This sedra teaches us many laws both between Man and Man and between Man and G-d. Much discussion revolves around the laws of Jewish worship to Hashem as differentiated from the pagan way of serving their gods. The following is atypical example.

Deuteronomy 16: 22

"Do not erect for yourself a monument that Hashem, your G-d hates."


That (Hashem) hates: Rashi: An altar made of stones and an earthen altar is what He commanded , but this (the single-stone monument) He hates. Because it was the law of the Canaanites and even though He had loved it (such an altar) in the time of the Forefathers, He now hates it.

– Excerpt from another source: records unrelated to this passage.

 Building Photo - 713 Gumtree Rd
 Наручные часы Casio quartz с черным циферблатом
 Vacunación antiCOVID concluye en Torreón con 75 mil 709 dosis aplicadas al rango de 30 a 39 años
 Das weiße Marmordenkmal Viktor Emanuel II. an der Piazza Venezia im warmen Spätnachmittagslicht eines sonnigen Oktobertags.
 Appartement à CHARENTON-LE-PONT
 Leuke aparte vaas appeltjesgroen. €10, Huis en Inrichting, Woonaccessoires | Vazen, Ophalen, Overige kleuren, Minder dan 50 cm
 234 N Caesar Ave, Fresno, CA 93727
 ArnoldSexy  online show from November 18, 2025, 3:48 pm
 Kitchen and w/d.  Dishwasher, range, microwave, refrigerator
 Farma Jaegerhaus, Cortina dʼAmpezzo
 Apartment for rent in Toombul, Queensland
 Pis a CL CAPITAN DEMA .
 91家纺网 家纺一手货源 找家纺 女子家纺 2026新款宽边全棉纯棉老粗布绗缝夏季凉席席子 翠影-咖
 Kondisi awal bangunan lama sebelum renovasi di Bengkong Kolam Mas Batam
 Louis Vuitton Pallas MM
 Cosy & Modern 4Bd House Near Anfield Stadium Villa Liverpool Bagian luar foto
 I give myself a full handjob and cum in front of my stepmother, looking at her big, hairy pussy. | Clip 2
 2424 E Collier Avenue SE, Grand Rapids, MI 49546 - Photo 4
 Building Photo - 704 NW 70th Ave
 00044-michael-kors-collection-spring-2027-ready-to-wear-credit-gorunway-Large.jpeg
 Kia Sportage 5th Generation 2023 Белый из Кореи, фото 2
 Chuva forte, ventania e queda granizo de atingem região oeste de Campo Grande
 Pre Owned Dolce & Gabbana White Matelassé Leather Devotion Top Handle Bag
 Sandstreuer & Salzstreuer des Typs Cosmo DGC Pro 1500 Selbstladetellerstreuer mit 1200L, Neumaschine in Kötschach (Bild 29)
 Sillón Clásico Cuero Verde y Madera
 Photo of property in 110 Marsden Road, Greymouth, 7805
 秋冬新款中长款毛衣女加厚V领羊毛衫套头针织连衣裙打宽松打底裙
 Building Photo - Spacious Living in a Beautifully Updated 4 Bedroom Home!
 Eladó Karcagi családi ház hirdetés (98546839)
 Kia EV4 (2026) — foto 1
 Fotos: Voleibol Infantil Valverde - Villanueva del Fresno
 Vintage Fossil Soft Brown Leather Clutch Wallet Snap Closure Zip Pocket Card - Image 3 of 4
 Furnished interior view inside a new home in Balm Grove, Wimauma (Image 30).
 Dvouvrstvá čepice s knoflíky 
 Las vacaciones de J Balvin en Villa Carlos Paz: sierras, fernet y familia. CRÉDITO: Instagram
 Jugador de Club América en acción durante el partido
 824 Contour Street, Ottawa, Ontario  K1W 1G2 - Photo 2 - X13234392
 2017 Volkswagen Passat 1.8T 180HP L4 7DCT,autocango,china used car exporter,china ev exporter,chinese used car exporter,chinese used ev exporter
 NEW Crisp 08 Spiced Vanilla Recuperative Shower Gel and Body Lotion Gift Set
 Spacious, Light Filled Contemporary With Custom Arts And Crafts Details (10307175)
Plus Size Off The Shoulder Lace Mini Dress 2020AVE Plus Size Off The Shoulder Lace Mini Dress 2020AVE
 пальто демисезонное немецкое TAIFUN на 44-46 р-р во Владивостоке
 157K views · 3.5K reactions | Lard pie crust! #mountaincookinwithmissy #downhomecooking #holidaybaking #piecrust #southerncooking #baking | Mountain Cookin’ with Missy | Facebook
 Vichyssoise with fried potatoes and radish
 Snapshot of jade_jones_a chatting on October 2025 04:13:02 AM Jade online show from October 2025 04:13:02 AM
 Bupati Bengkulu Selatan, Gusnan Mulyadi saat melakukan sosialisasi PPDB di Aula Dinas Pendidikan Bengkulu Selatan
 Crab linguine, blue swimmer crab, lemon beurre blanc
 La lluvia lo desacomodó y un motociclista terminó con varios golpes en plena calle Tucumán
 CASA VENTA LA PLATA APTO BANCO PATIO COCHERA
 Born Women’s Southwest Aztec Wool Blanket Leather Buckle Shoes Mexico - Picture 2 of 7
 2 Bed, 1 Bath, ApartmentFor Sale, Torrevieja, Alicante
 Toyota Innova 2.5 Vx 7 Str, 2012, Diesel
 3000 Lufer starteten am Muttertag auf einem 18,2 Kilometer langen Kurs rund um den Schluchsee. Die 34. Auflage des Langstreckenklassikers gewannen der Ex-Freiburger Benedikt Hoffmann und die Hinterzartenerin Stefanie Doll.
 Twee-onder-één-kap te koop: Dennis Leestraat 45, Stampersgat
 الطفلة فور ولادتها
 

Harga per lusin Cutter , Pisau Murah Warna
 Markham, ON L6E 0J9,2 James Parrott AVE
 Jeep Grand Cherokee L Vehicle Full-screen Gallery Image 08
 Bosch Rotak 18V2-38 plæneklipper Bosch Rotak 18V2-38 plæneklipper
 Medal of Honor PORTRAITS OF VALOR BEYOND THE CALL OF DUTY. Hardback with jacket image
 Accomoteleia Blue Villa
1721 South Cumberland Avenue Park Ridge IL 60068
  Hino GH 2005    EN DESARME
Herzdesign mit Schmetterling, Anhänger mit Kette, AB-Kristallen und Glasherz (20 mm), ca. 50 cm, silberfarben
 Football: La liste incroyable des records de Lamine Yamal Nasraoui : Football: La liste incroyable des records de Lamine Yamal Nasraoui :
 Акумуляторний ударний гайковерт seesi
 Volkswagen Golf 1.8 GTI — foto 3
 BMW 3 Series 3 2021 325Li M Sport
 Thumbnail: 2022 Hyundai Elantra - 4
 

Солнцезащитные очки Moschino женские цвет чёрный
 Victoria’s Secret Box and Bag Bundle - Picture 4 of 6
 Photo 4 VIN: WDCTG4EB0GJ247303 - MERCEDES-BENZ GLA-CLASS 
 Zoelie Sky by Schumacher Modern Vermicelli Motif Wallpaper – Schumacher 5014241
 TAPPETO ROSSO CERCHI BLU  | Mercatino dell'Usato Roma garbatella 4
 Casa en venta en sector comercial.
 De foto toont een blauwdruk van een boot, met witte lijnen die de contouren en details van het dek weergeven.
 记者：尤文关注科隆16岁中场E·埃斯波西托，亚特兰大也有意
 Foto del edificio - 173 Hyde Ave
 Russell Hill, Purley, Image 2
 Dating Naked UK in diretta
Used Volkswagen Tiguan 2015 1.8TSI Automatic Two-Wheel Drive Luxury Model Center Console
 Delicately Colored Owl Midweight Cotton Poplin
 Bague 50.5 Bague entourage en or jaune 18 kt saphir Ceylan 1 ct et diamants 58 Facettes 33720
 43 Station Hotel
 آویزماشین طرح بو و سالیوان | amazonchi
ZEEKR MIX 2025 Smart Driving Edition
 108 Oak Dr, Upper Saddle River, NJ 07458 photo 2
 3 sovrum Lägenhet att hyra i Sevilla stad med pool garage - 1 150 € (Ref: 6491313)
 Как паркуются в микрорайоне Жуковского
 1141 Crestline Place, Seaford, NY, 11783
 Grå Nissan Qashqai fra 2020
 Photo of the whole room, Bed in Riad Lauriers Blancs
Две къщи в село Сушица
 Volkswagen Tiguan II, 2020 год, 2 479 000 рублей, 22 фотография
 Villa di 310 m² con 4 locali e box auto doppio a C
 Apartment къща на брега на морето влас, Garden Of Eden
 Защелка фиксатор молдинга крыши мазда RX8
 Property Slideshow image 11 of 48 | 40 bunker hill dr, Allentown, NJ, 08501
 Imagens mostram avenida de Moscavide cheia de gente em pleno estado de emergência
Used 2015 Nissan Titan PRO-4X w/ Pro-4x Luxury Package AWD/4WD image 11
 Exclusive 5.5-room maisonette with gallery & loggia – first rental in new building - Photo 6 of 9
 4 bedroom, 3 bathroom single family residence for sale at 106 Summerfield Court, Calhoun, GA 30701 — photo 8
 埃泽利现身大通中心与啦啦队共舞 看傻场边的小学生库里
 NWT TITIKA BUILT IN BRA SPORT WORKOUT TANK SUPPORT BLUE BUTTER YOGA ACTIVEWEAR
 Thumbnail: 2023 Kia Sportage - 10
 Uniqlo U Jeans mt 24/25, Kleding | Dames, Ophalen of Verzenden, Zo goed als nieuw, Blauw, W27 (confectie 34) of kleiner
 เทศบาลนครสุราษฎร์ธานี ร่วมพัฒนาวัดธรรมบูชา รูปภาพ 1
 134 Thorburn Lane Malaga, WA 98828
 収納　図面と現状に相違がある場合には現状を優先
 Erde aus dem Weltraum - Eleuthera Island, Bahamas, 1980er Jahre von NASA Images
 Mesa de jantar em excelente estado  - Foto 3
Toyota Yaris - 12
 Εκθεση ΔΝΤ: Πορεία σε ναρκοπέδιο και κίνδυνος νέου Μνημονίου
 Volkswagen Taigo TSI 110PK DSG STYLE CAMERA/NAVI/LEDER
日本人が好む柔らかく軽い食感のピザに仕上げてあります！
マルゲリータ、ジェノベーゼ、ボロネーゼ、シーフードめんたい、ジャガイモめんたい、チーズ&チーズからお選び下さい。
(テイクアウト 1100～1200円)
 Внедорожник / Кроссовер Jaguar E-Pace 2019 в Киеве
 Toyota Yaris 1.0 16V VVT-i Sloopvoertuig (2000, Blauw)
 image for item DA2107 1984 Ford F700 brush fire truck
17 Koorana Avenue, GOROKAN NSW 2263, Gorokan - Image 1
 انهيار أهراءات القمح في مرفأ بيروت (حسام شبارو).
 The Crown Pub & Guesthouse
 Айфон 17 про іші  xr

Since they (the Canaanites) made it a law of their idol worship.


Rashi is explaining that only the single-stone "matzaivah" was forbidden, while the earthen altar and the many-stoned altar were not only permitted, they were explicitly commanded as a way to worship Hashem.

Rashi goes on to explain that although the single-stone monument - altar was used by the Forefathers and thus could not have been hated by Hashem, nevertheless since in later generations the Canaanites began using this as their mode of worship, it has since become despised by Hashem.


A Question: What is Rashi referring to when he says "and even though He had loved it (such an altar) in the time of the Forefathers" ?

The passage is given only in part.